Brancaccio, periferia di Palermo. Rosario è un adolescente solitario con la passione per la mitologia classica e il mare. Il padre, cinico e bugiardo, ha un negozio di integratori per sportivi in cui gestisce lo smercio illecito di sostanze stupefacenti; la madre, accudente e remissiva, dedica tutto il proprio tempo alla cura della casa e della famiglia. Solo di tanto in tanto, la donna si concede una pausa per lucidare il trofeo vinto come miglior portiere da nonno Rosario, morto prematuramente nel terremoto del Belice del 1968. Quando, per accontentare un inconfessato desiderio della madre, il ragazzo decide di giocare in quello stesso ruolo con la squadra di quartiere, il percorso che lo condurrà all’età adulta ha inizio: tra i pestaggi, la scoperta dell’amore e il disincanto, Rosario troverà la forza di emanciparsi dalla violenza e dalla menzogna che da sempre hanno oppresso la sua vita.

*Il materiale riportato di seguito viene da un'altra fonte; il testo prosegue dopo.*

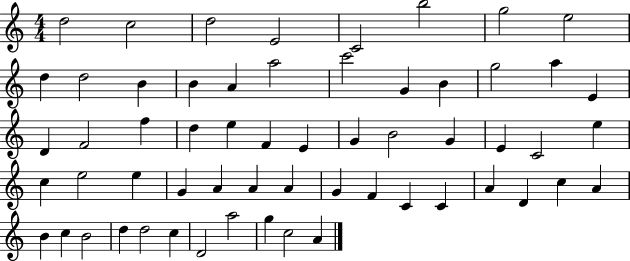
{
  \clef treble
  \numericTimeSignature
  \time 4/4
  \key c \major
  d''2 c''2 | d''2 e'2 | c'2 b''2 | g''2 e''2 | \break d''4 d''2 b'4 | b'4 a'4 a''2 | c'''2 g'4 b'4 | g''2 a''4 e'4 | \break d'4 f'2 f''4 | d''4 e''4 f'4 e'4 | g'4 b'2 g'4 | e'4 c'2 e''4 | \break c''4 e''2 e''4 | g'4 a'4 a'4 a'4 | g'4 f'4 c'4 c'4 | a'4 d'4 c''4 a'4 | \break b'4 c''4 b'2 | d''4 d''2 c''4 | d'2 a''2 | g''4 c''2 a'4 | \break \bar "|."
} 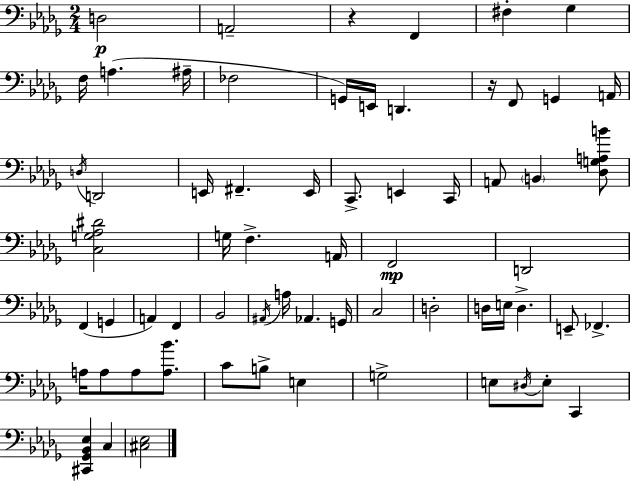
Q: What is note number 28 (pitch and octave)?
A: A2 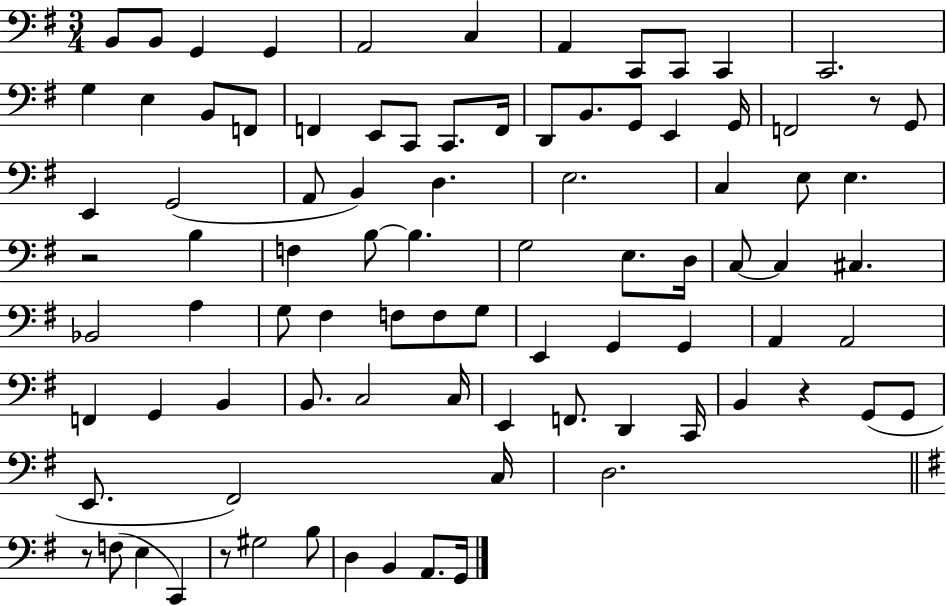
{
  \clef bass
  \numericTimeSignature
  \time 3/4
  \key g \major
  b,8 b,8 g,4 g,4 | a,2 c4 | a,4 c,8 c,8 c,4 | c,2. | \break g4 e4 b,8 f,8 | f,4 e,8 c,8 c,8. f,16 | d,8 b,8. g,8 e,4 g,16 | f,2 r8 g,8 | \break e,4 g,2( | a,8 b,4) d4. | e2. | c4 e8 e4. | \break r2 b4 | f4 b8~~ b4. | g2 e8. d16 | c8~~ c4 cis4. | \break bes,2 a4 | g8 fis4 f8 f8 g8 | e,4 g,4 g,4 | a,4 a,2 | \break f,4 g,4 b,4 | b,8. c2 c16 | e,4 f,8. d,4 c,16 | b,4 r4 g,8( g,8 | \break e,8. fis,2) c16 | d2. | \bar "||" \break \key g \major r8 f8( e4 c,4) | r8 gis2 b8 | d4 b,4 a,8. g,16 | \bar "|."
} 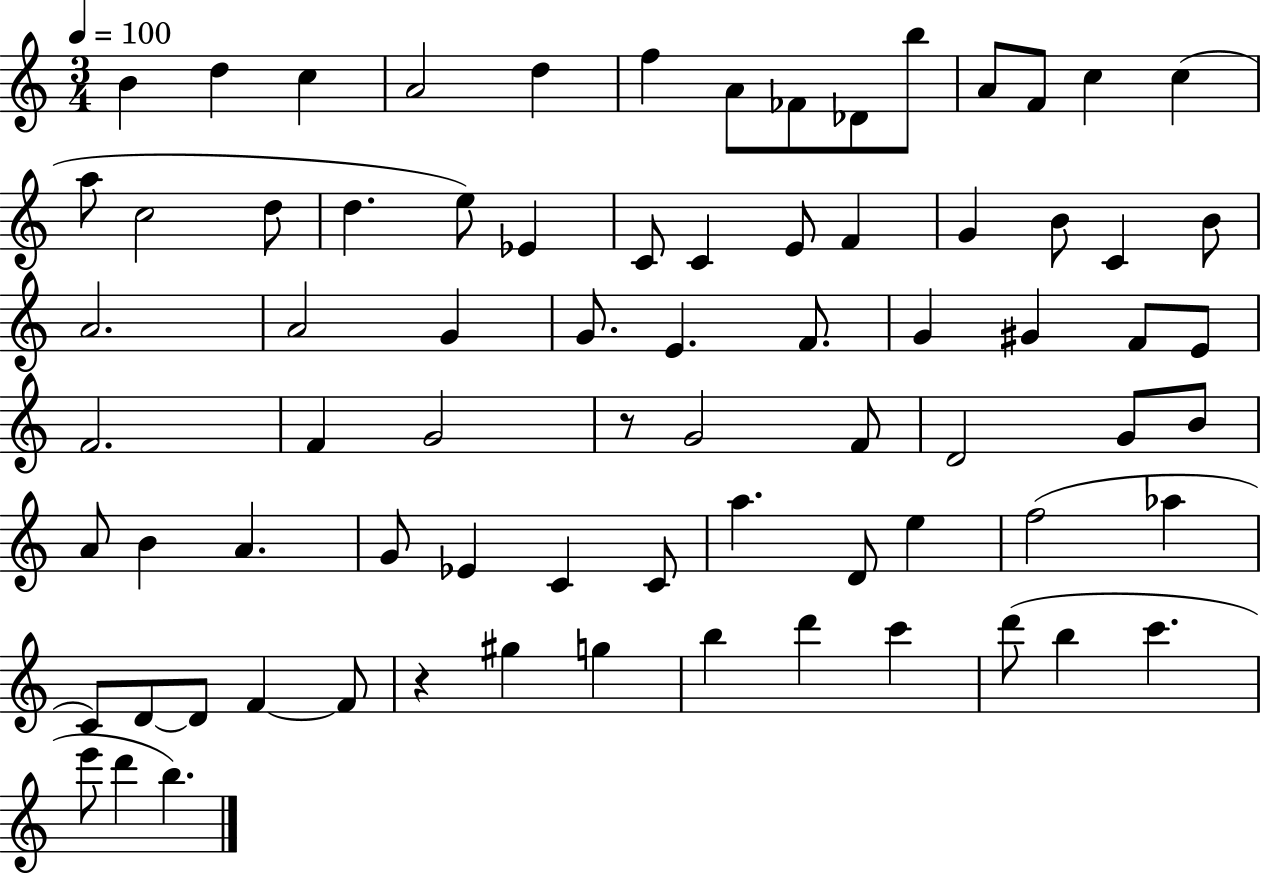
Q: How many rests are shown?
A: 2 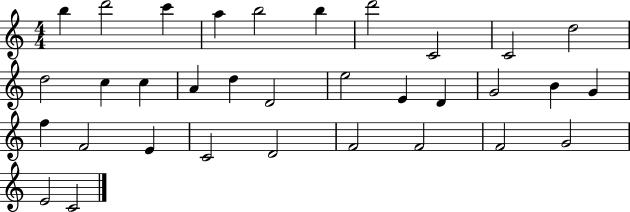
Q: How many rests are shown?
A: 0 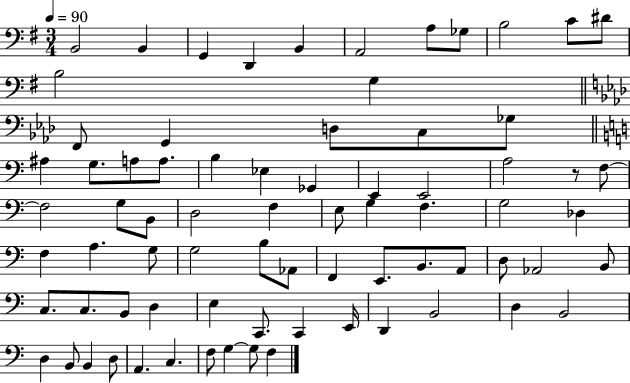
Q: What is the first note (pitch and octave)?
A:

Un’intensa storia di formazione condotta con la voce, spietata e dolcissima, di un adolescente che lotta per sovvertire i morbosi equilibri di una famiglia infelice. Un giovane autore dalla scrittura agile e peculiare capace di raccontare la paura e l’audacia di un ragazzo che, nel Sud passionale e violento delle periferie, ha il coraggio di diventare un uomo.

Ho pensato… che palle! Eppure il libro restava tra le mie mani. Non l’ho riposto.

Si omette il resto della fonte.